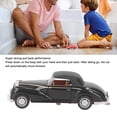 thumbnail image 2 of Simulated Pull Back Vintage Car Model Kid Alloy Diecast Sound Light Classic Car Toy Decoration Collection, 2 of 5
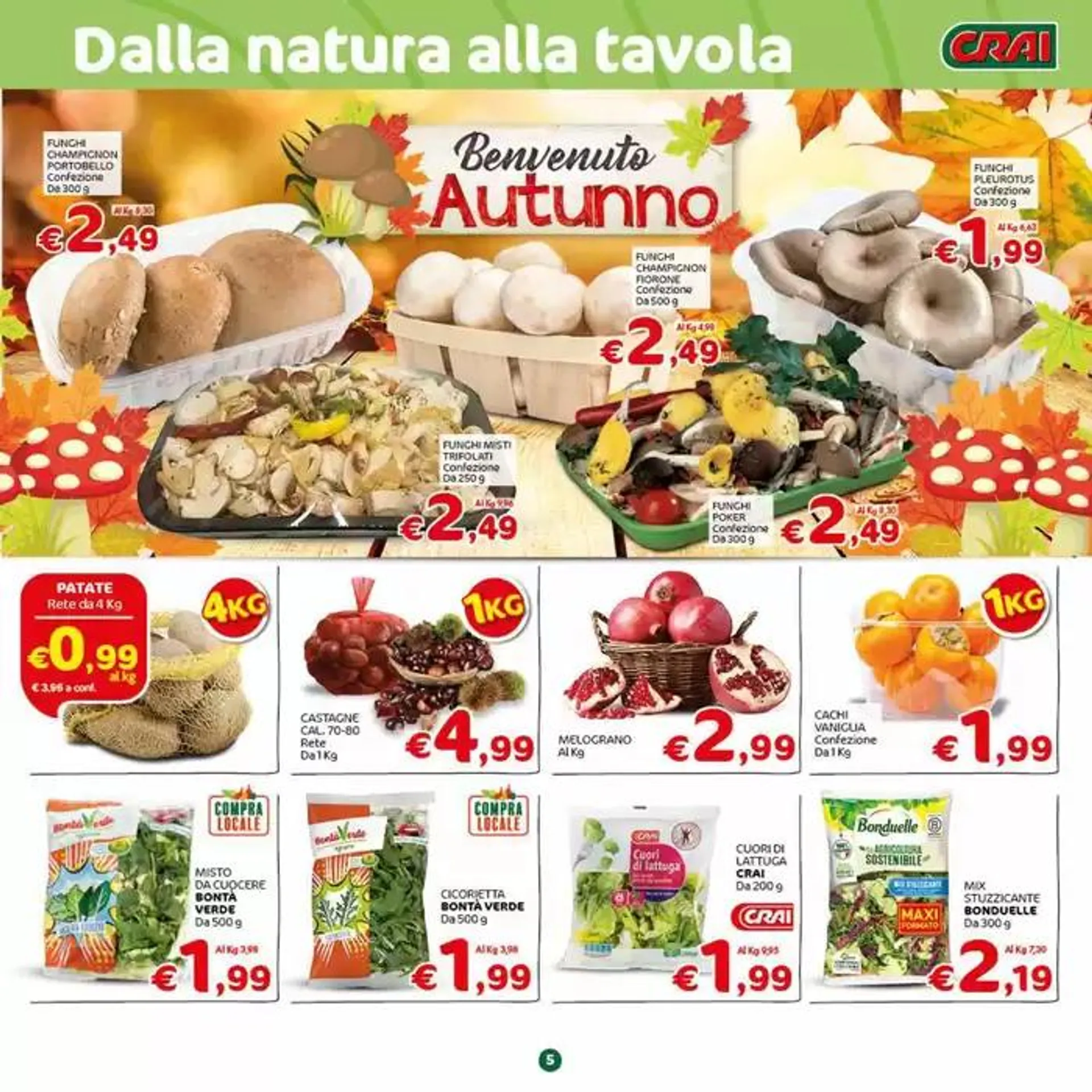 Sottocosto freschi da 3 ottobre a 16 ottobre di 2024 - Pagina del volantino 5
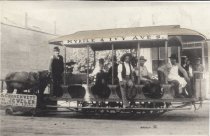 Horse Car - Mule-drawn Trolley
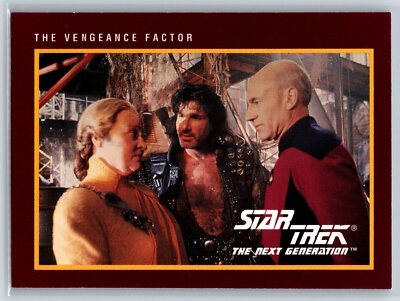 1991 Impel Star Trek 25th Anniversary The Vengeance Factor #192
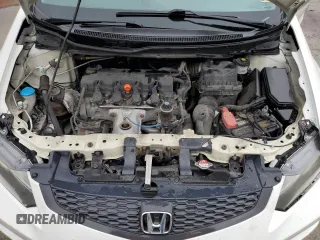 2013 Honda Civic Cpe LX with VIN 2HGFG3B53DH532958, listed as a Copart auction lot 73807914 with 111,216 mi miles and Salvage Title. Bid and sale history available at carsss.com. Image 11.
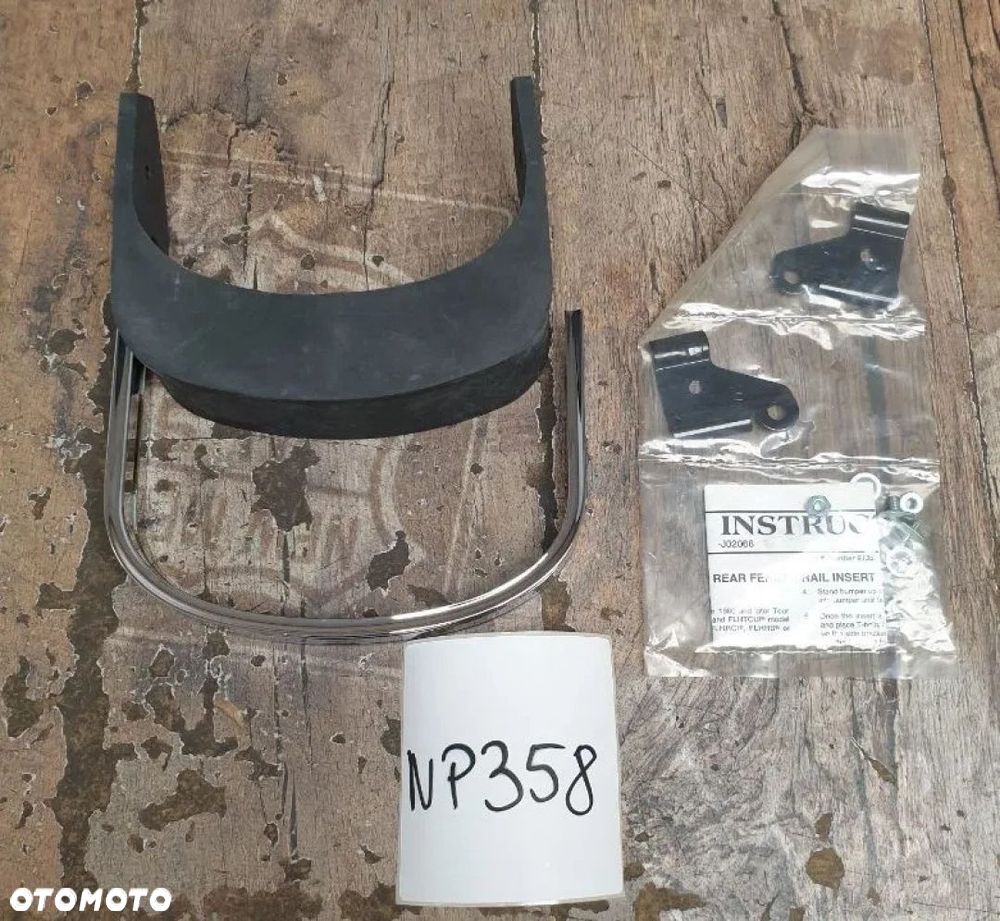 Zderzak nakładka na błotnik tył Harley Davidson Touring 91357-99A - 1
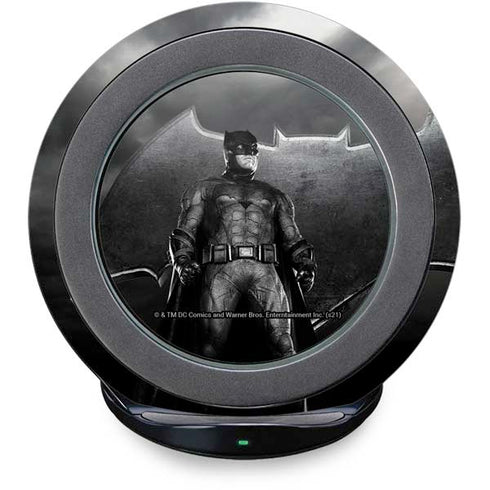 The Justice League (2017) Batman Poster Fast Charge Wireless Charging Stand Skin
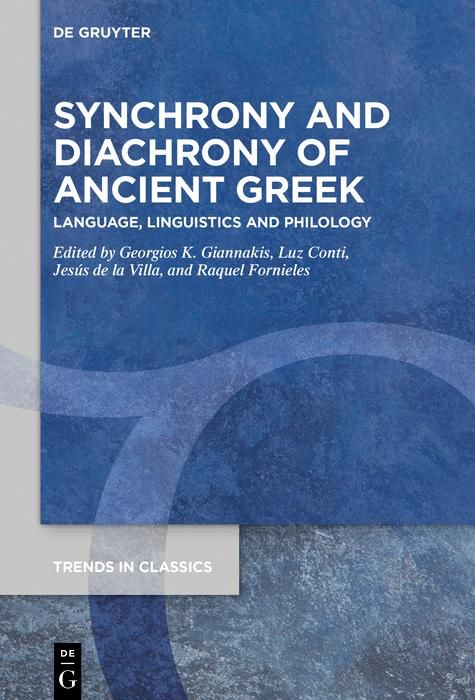 Produktbild: Synchrony and Diachrony of Ancient Greek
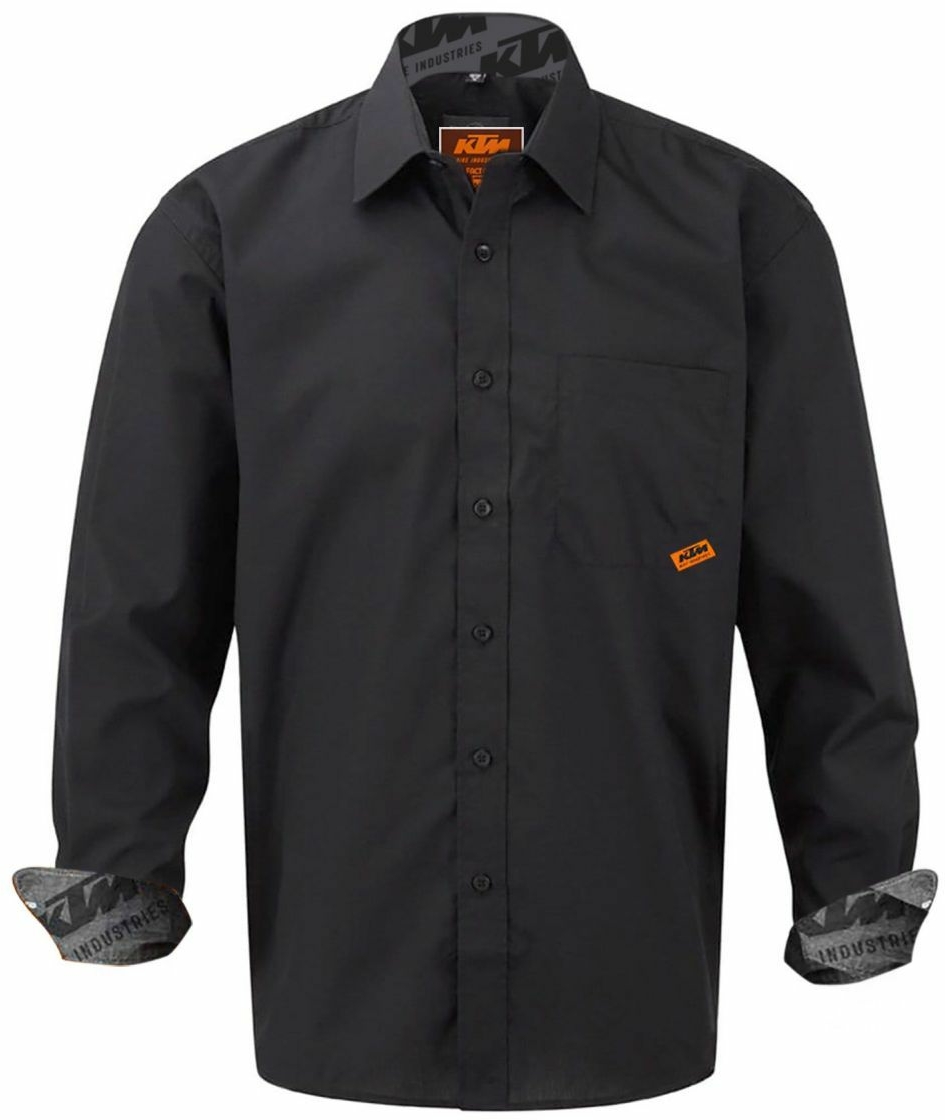 KTM Shirt Factory Team Men Shirt KTM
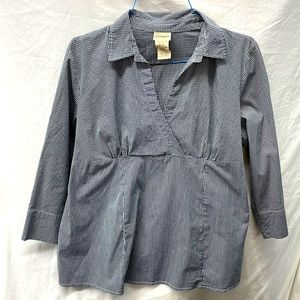 Announcements maternity mid sleeve top ladies sz 12-14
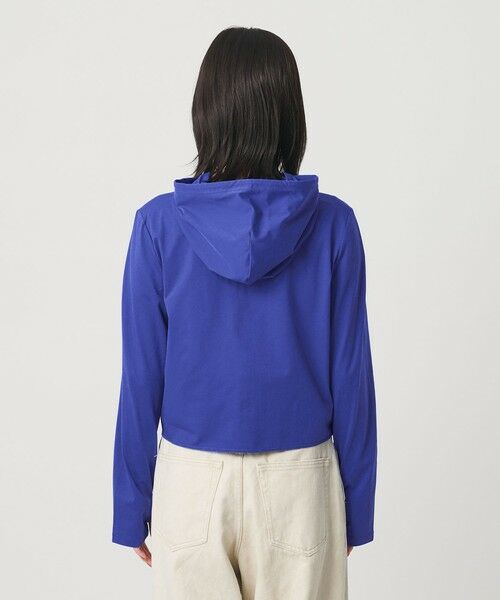 BEAUTY&YOUTH UNITED ARROWS / ビューティー&ユース ユナイテッドアローズ パーカー | 【WEB限定 Wardrobe DAILY MINIMAL】フードジップパーカー UVカット 接触冷感 ウォッシャブル | 詳細16
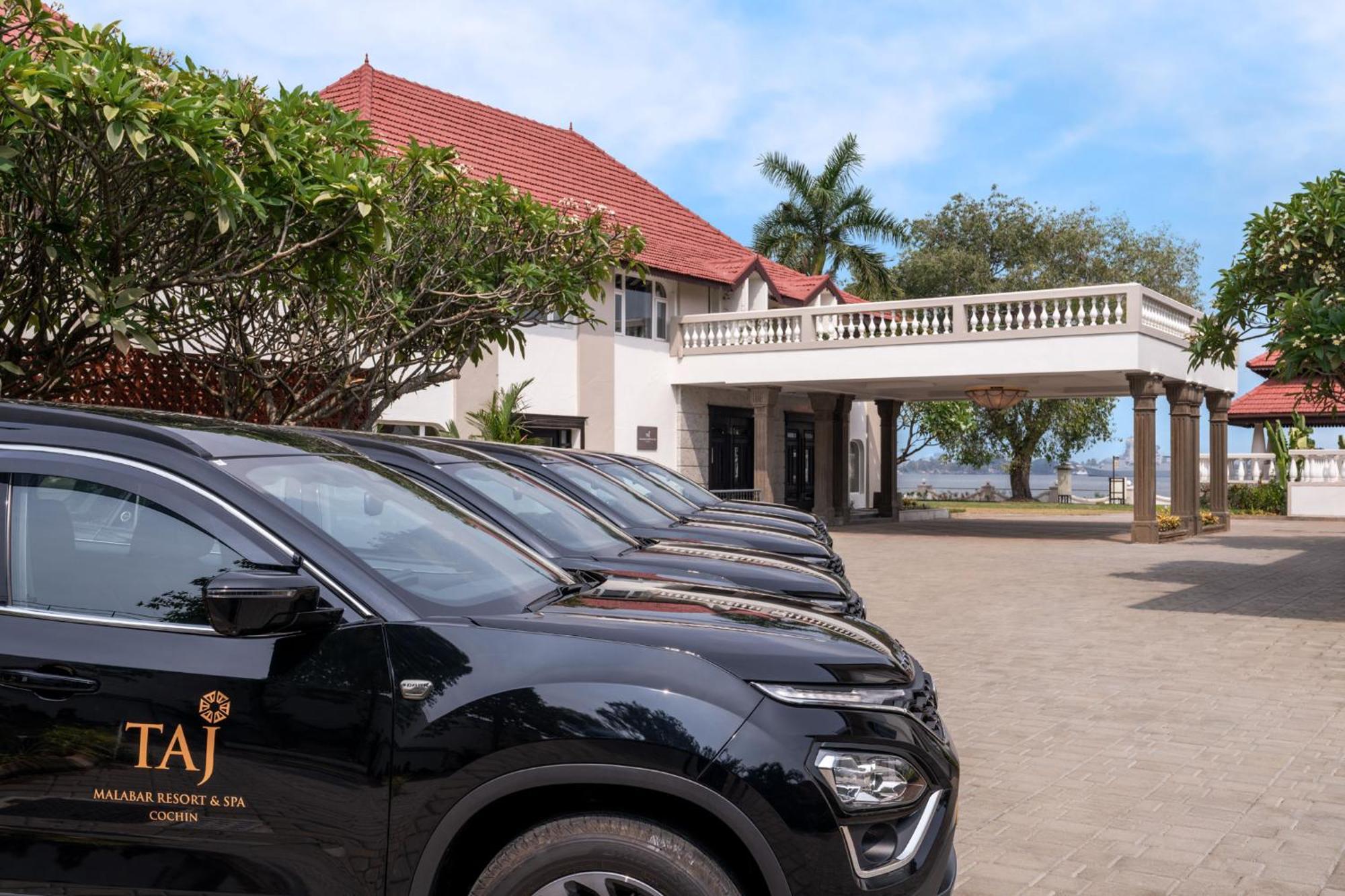 ทัช มาลาพร รีสอร์ต แอนด์ สปา โคชิน Hotel Kochi ภายนอก รูปภาพ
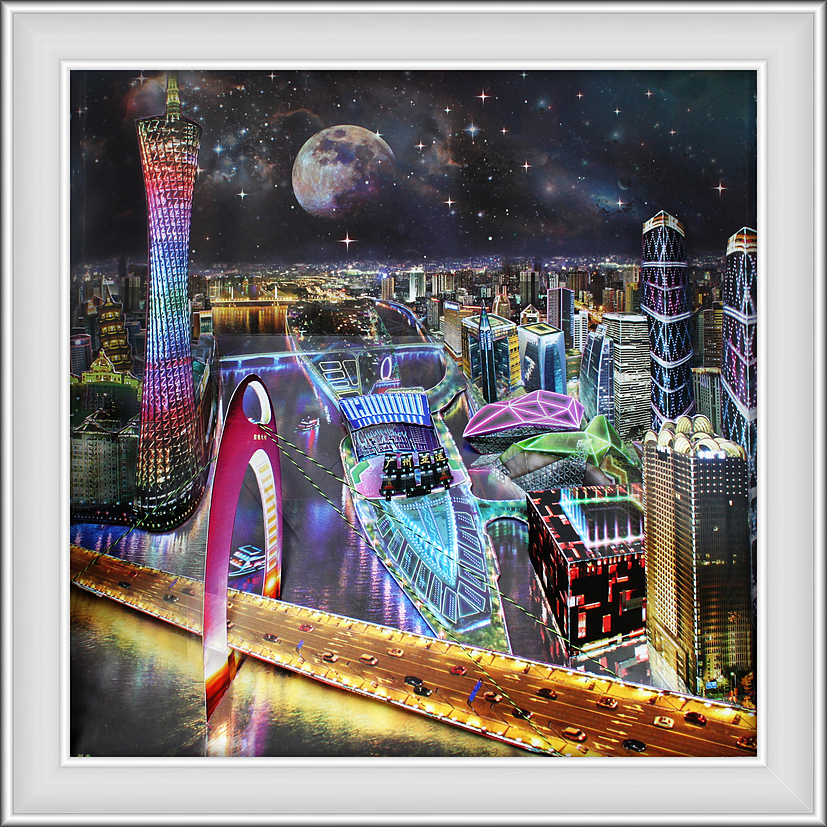 立体纸艺画（图ZNjg1NDEzMg==） - 手办/模玩 - 站酷设计师尹利帅纸艺师原创素材 - 站酷ZCOOL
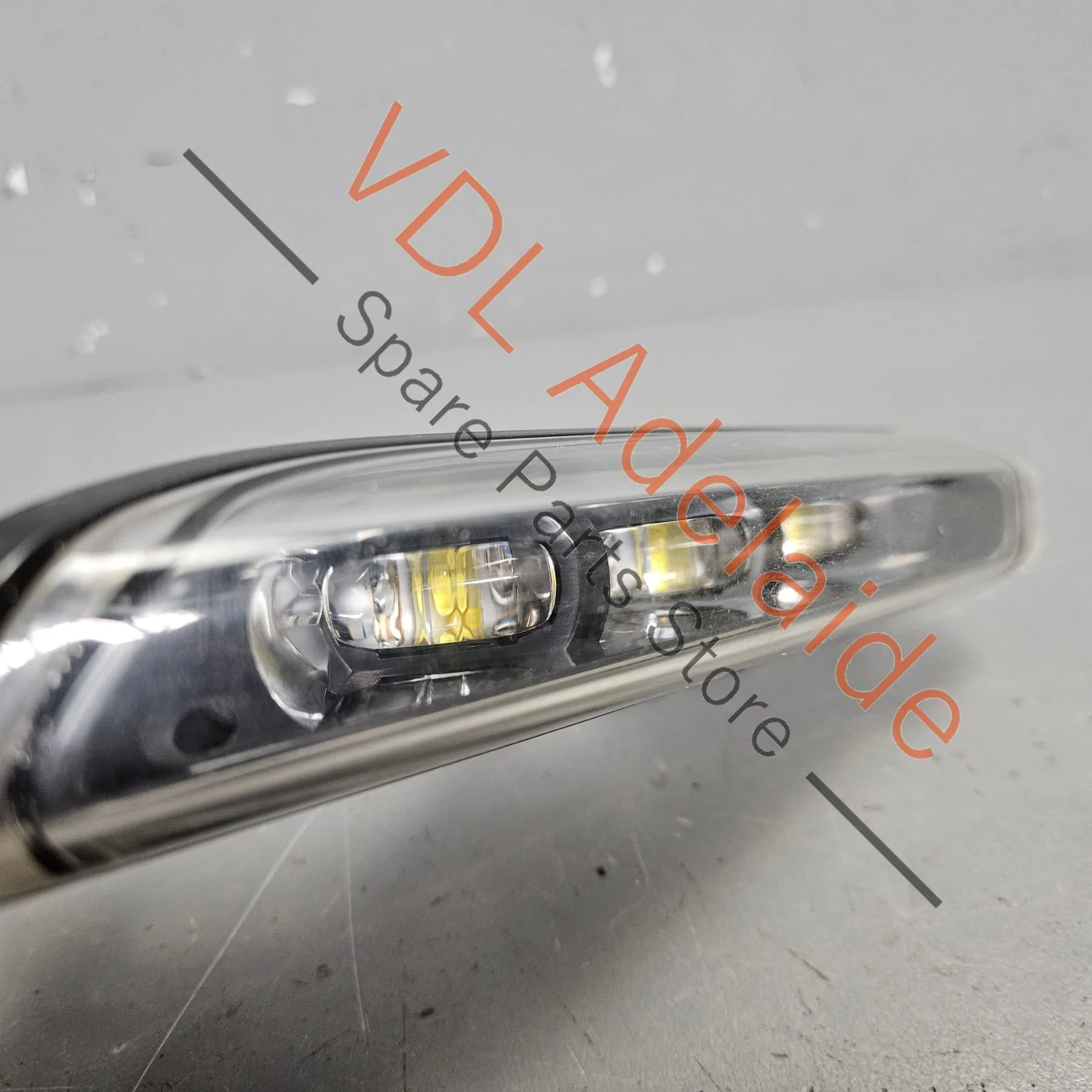 Genuine OEM Renault Megane RS250 Front Left LED DRL Light for Bumper with Power Module 262319157R 266050314R - Image 4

□ □ □ □ □

- **Task**: Transcribe the listing above in full and exactly; no pictures belong in the copy.

- **Answer to the problem**:
 thumbnail image 2 of Simulated Pull Back Vintage Car Model Kid Alloy Diecast Sound Light Classic Car Toy Decoration Collection, 2 of 5
 Sottocosto freschi da 3 ottobre a 16 ottobre di 2024 - Pagina del volantino 5
 Horse Car - Mule-drawn Trolley
 1991 Impel Star Trek 25th Anniversary The Vengeance Factor #192
 2013 Honda Civic Cpe LX with VIN 2HGFG3B53DH532958, listed as a Copart auction lot 73807914 with 111,216 mi miles and Salvage Title. Bid and sale history available at carsss.com. Image 11.
 Zderzak nakładka na błotnik tył Harley Davidson Touring 91357-99A - 1
 The Justice League (2017) Batman Poster Fast Charge Wireless Charging Stand Skin
 Produktbild: Synchrony and Diachrony of Ancient Greek
 KTM Shirt Factory Team Men Shirt KTM
 Announcements maternity mid sleeve top ladies sz 12-14
 BEAUTY&YOUTH UNITED ARROWS / ビューティー&ユース ユナイテッドアローズ パーカー | 【WEB限定 Wardrobe DAILY MINIMAL】フードジップパーカー UVカット 接触冷感 ウォッシャブル | 詳細16
 ทัช มาลาพร รีสอร์ต แอนด์ สปา โคชิน Hotel Kochi ภายนอก รูปภาพ
 立体纸艺画（图ZNjg1NDEzMg==） - 手办/模玩 - 站酷设计师尹利帅纸艺师原创素材 - 站酷ZCOOL
 Genuine OEM Renault Megane RS250 Front Left LED DRL Light for Bumper with Power Module 262319157R 266050314R - Image 4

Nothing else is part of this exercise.